There does not seem to be a correlation between overall rating and ABV.

## Strongest and Weakest Beers

In [None]:
top20abv = df[['beer_name', 'brewery_name', 'beer_abv', 'beer_style']].sort_values('beer_abv', ascending=False).drop_duplicates('beer_name').head(20)

p = [go.Bar(x = top20abv['beer_abv'] / 100,
            y = top20abv['beer_name'],
            hoverinfo = 'x',
            text=top20abv['brewery_name'],
            textposition = 'inside',
            orientation='h',
            opacity=0.7, 
            marker=dict(
                color='rgb(1, 87, 155)'
            ))]

layout = go.Layout(title='Top 20 Strongest Beers by ABV',
                   xaxis=dict(title="ABV",
                              tickformat = "%",
                              hoverformat = '.2%'),
                   margin = dict(l = 220))

fig = go.Figure(data=p, layout=layout)

py.offline.iplot(fig)

In [None]:
btm20abv = df[['beer_name', 'brewery_name', 'beer_abv', 'beer_style']].sort_values('beer_abv', ascending=False).drop_duplicates('beer_name').tail(20)

p = [go.Bar(x = btm20abv['beer_abv'] / 100,
            y = btm20abv['beer_name'],
            hoverinfo = 'x',
            text=btm20abv['brewery_name'],
            textposition = 'inside',
            orientation='h',
            opacity=0.7, 
            marker=dict(
                color='rgb(1, 87, 155)'
            ))]

layout = go.Layout(title='Top 20 Weakest Beers by ABV',
                   xaxis=dict(title="ABV",
                              tickformat = "%",
                              hoverformat = '.2%'),
                   margin = dict(l = 220))

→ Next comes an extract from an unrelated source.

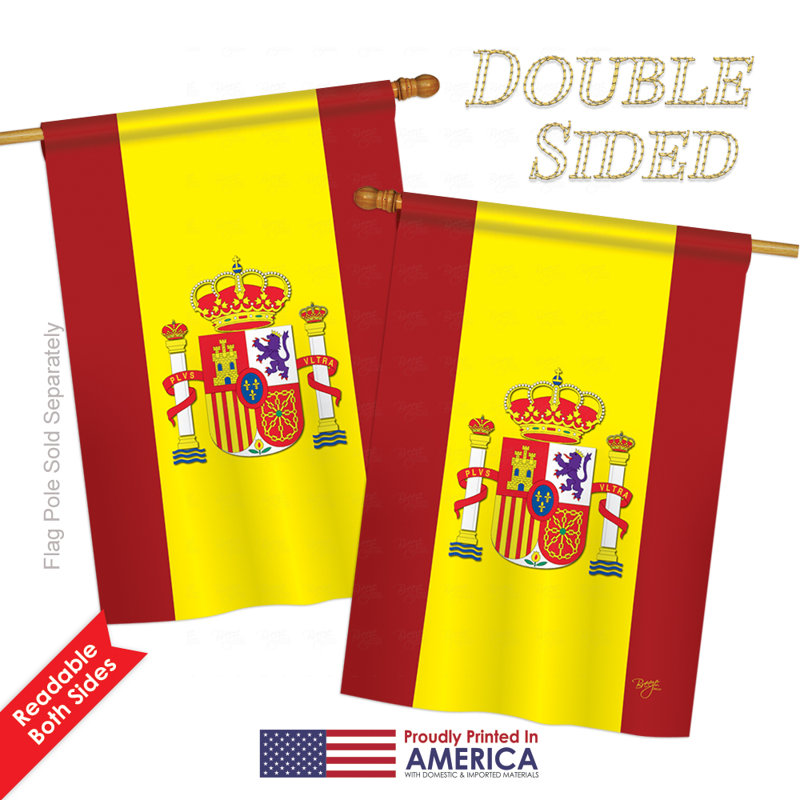 Drapeau de maison en polyester pour 2 côtés espagne, H 40 po x l 28 po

fig = go.Figure(data=p, layout=layout)

py.offline.iplot(fig)

The strongest beer reviewed is the Schorsbrau Schorsbock at a whopping 57% alcohol by volume, higher than most hard liquors. The lowest is Liber at 0.01%

## Top/Bottom 50 reviews

In this section we will examine both the highest and lowest scoring 50 reviews for beer name, style and brewery

In [None]:
top20beers = df[['beer_name', 'brewery_name', 'review_overall']].sort_values('review_overall', ascending=False).head(50)
                                                                                                                    
top20beers.beer_name.iplot(kind='hist', title='Top Rated Beers', yTitle='Number of 5 Star Reviews')                                                                                                                   

In [None]:
btm20beers = df[['beer_name', 'brewery_name', 'review_overall']].sort_values('review_overall', ascending=False).tail(50)

btm20beers.beer_name.iplot(kind='hist', title='Worst Rated Beers', yTitle='Number of 1 Star Reviews')

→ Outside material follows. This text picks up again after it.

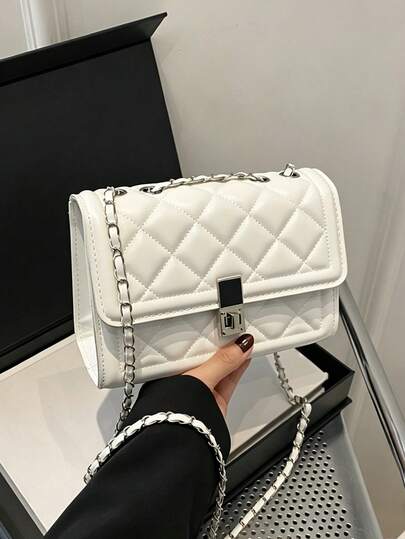 Fashion Solid Color Quilted Square Chain Shoulder Bag,Versatile Flap Banquet Bag New Lightweight Handbag & Purse,Casual Mobile Coin Crossbody Bags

The most highly reviewed beer is the Big Eye IPA, with 6 five star ratings. The lowest is the Bud Light Chelada, with 19 one star ratings. 

In [None]:
top20styles = df[['beer_name', 'brewery_name', 'review_overall', 'beer_style']].sort_values('review_overall', ascending=False).head(50)

top20styles.beer_style.iplot(kind='hist', title='Top Rated Styles', yTitle='Number of 5 Star Reviews')

In [None]:
btm20styles = df[['beer_name', 'brewery_name', 'review_overall', 'beer_style']].sort_values('review_overall', ascending=False).tail(50)

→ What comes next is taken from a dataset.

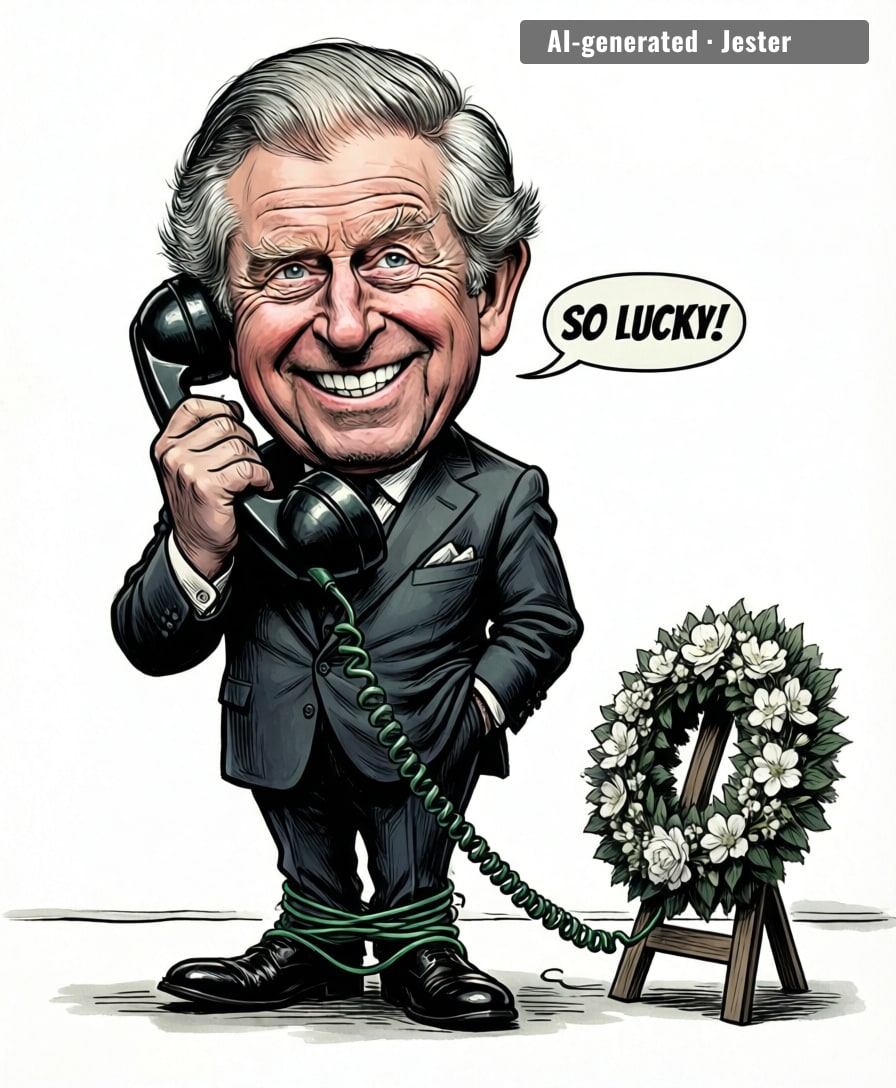 charles heard 'you're so lucky' and thought it was a toast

btm20styles.beer_style.iplot(kind='hist', title='Worst Rated Styles', yTitle='Number of 1 Star Reviews')

American IPA is unsurprisingly the beer with the most five star reviews, and also the most frequently reviewed beer. Fruit/Vegetable beer seems to be the leasat popular style, with 19 one star reviews. The very unpopular Bud Light Chelada from above is a Fruit/Vegetable beer. The mean rating for the style is 3.4, so this result may be unfairly being dragged down by the unpopular Bud Light Chelada. 

In [None]:
vegbeer = df.loc[df['beer_style']=='Fruit / Vegetable Beer']
print(np.mean(vegbeer.review_overall), np.median(vegbeer.review_overall))

In [None]:
top20styles.brewery_name.iplot(kind='hist', title='Top Rated Breweries', yTitle='Number of 5 Star Reviews')

In [None]:
btm20styles.brewery_name.iplot(kind='hist', title='Worst Rated Breweries', yTitle='Number of 1 Star Reviews')

The Ballast Point Brewing Company and Southhampton Publick House are tied for most five star reviews with 6 apiece. Anheuser-Busch is clearly the lowest rated brewery here with 32 one star reviews.